- Originally published in the Cleveland Plain Dealer Reporter on Wednesday, February 16, 2005 [here]
By: Becky Gaylord
Blacks in Cleveland are more isolated from employment
opportunities than blacks in all but five other U.S. cities, a new
study has found.
Cleveland ranks high in "job sprawl" - the distance outside the
city center that people seeking employment must travel. But job sprawl
disproportionately affects minorities: When sprawl is bad, there's a
greater mismatch between where blacks live and where the jobs are,
research from the Brookings Institution found.
"Blacks are more geographically isolated from jobs in high
job-sprawl areas, regardless of region, metropolitan area size and
their share of the metropolitan population," worsening economic
segregation, the report found.
Nationally, Detroit ranked highest in blacks' isolation from
jobs, the Washington, D.C.-based policy and research institution found.
Southern and Western cities, led by Greenville, S.C., were among the
lowest.
In the last decade, more blacks have moved into Cleveland's
suburbs.
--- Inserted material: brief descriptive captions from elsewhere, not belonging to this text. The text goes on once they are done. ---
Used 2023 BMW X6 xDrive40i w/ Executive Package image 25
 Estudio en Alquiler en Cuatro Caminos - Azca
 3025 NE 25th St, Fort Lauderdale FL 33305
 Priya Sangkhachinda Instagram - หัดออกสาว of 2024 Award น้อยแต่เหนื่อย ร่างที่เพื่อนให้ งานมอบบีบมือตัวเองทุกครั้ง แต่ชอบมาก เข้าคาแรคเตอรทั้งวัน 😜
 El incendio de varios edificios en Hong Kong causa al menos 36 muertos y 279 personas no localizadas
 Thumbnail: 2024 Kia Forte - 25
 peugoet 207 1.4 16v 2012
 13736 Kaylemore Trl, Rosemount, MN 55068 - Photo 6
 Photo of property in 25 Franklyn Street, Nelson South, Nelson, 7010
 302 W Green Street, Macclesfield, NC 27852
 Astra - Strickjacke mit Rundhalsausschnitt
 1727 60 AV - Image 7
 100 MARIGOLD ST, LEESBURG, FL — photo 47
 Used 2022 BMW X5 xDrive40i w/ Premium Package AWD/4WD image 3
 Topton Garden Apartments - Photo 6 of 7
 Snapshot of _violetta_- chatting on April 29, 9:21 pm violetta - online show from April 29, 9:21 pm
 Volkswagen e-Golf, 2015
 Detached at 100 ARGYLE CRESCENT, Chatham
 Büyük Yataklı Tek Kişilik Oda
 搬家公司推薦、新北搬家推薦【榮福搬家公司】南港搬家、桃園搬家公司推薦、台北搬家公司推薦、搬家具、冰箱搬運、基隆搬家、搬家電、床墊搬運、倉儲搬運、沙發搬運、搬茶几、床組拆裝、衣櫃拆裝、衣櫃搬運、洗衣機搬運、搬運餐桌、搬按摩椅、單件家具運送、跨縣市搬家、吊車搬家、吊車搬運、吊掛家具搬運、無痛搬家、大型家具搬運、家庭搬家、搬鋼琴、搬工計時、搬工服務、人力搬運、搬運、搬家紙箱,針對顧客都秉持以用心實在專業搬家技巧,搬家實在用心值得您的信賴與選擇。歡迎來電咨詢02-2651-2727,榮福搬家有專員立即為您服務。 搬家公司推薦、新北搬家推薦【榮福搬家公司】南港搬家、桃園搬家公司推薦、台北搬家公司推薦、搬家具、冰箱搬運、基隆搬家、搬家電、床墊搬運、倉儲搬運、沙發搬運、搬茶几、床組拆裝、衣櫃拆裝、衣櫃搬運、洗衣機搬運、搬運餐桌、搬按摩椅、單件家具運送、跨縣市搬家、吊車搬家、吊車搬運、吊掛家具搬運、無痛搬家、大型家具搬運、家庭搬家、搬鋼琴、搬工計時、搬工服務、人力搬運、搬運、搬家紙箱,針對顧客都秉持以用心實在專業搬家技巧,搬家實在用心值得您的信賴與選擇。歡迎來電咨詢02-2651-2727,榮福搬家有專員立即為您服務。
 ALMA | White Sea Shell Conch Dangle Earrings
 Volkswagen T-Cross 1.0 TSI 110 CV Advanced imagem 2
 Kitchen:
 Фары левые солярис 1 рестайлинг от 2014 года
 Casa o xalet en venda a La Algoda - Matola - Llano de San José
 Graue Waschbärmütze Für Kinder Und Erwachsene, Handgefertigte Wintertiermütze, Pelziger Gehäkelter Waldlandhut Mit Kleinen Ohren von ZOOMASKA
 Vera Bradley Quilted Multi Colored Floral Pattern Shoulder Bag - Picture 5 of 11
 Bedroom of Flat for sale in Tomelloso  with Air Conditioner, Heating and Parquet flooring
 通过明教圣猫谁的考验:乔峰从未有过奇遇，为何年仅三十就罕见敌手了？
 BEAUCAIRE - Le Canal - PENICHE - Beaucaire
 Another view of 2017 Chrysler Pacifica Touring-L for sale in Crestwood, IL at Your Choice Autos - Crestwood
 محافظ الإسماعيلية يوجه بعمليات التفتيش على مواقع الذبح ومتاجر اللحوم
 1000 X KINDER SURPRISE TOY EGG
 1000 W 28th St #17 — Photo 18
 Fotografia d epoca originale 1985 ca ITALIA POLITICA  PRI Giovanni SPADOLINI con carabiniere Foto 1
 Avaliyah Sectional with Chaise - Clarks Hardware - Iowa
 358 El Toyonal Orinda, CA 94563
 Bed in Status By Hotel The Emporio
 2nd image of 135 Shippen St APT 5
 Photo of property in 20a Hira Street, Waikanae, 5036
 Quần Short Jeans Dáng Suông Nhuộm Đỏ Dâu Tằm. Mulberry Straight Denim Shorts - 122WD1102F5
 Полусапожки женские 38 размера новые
Employment opportunities, however, have edged even farther
away.
"The farther you are from work," said the report's author,
Michael Stoll, "the more time and money it takes to get information
about jobs, the more time it takes to commute to and search for those
jobs."
Affordable housing, ample in Cleveland but far less so in many
suburbs, and access to transportation are part of the problem,
according to researchers.
"People who can afford to, locate where the jobs are," said
Claudia Coulton, a professor at the Mandel School of Applied Social
Sciences at Case Western Reserve University.
She is co-director of the school's Center on Urban Poverty and Social Change.
For several years, the Greater Cleveland Regional Transit
Authority has arranged vans to take scores of low-income workers to
jobs in the suburbs.
RTA officials work with the Cuyahoga County Planning Commission
and meet with suburban companies to time the trips so workers arrive
just before shifts start and have a way back to the city after shifts
end.
The vans took enough passengers on some loops that RTA created bus routes for commuters.
Rhonda McCord of Cleveland boarded the 12:50 p.m. bus Monday at
Public Square, headed to her job at Northern Stamping in Valley View on
Hub Parkway. McCord said she has been taking vans or special buses from
downtown since starting her job there 2½ years ago.
Northern Stamping is a unionized company, and pay starts at $9 an
hour or more. But from Cleveland, as Joel Freilich, RTA manager of
service planning says, "there's no other way to get there besides a
car."
RTA set up two other routes to ferry passengers to hotel and
restaurant jobs in Beachwood and mostly industrial jobs in Solon.